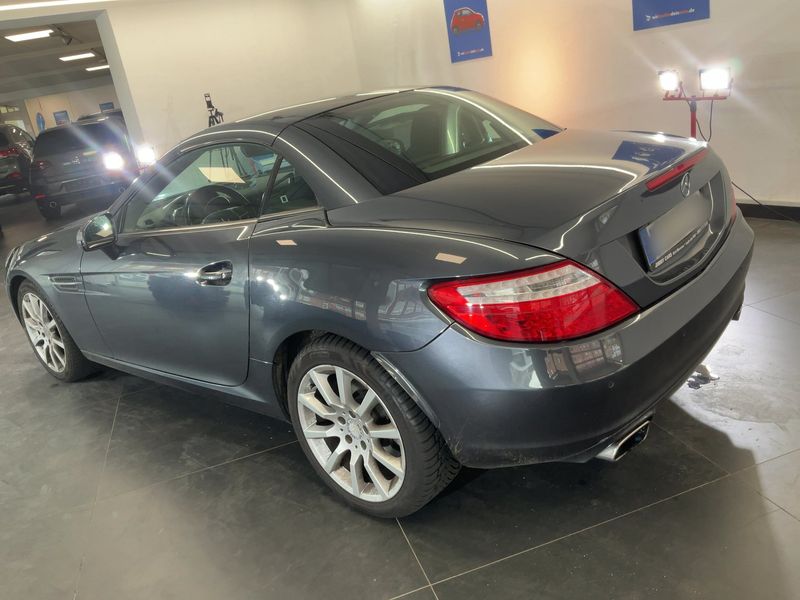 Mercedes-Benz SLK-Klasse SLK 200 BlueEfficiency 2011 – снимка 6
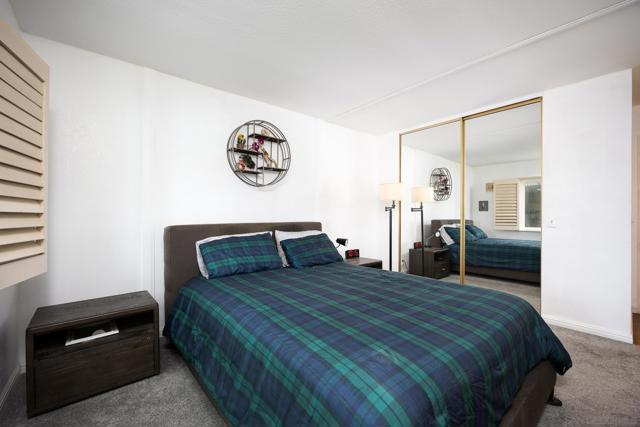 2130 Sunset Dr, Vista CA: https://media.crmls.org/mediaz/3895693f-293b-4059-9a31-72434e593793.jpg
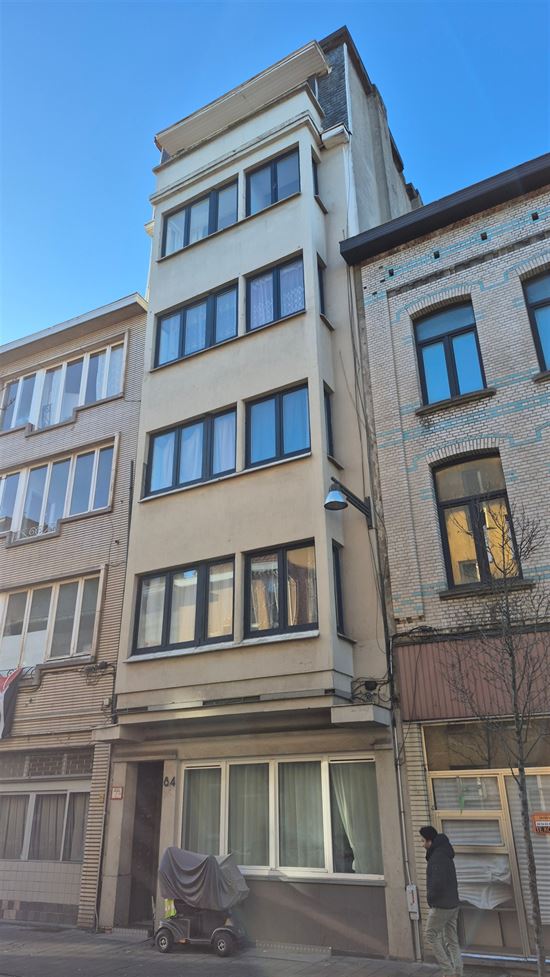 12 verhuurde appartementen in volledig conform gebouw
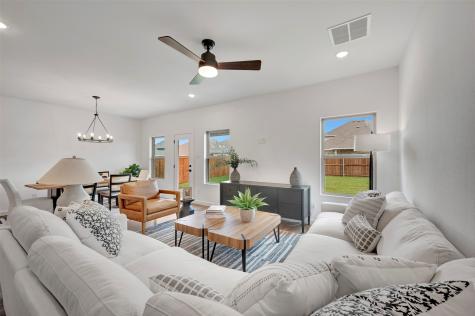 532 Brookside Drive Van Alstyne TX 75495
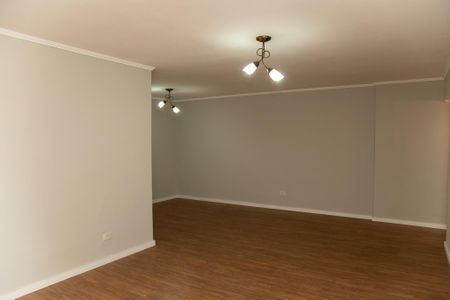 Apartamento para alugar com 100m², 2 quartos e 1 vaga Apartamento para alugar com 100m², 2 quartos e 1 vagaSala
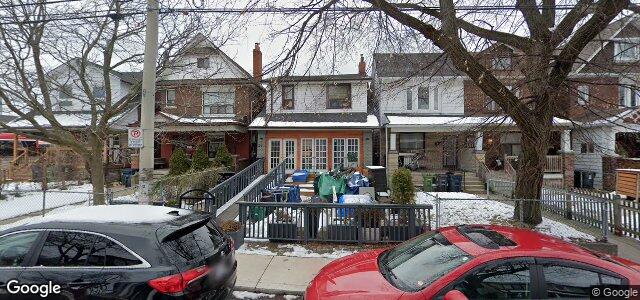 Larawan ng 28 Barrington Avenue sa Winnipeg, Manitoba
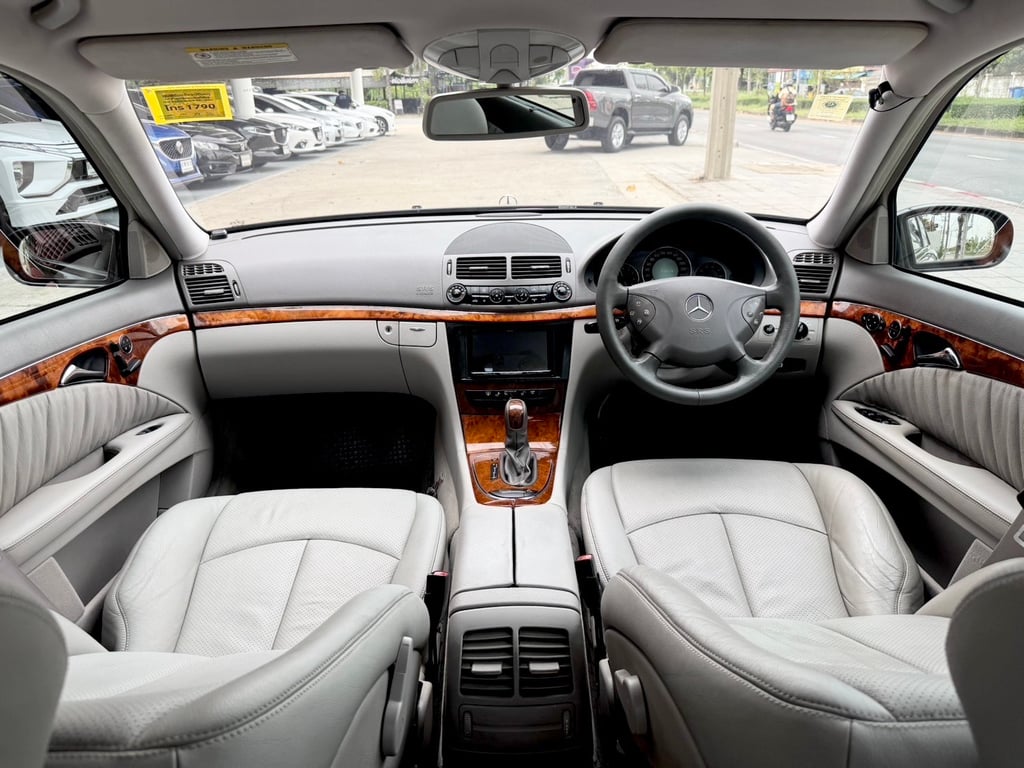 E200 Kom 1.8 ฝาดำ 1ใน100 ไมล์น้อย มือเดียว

- - - - -

**Work task**
Return each record as written, minus its images.

**Result of the exercise**
 Mercedes-Benz SLK-Klasse SLK 200 BlueEfficiency 2011 – снимка 6
 2130 Sunset Dr, Vista CA: https://media.crmls.org/mediaz/3895693f-293b-4059-9a31-72434e593793.jpg
 12 verhuurde appartementen in volledig conform gebouw
 532 Brookside Drive Van Alstyne TX 75495
 Apartamento para alugar com 100m², 2 quartos e 1 vaga Apartamento para alugar com 100m², 2 quartos e 1 vagaSala
 Larawan ng 28 Barrington Avenue sa Winnipeg, Manitoba
 E200 Kom 1.8 ฝาดำ 1ใน100 ไมล์น้อย มือเดียว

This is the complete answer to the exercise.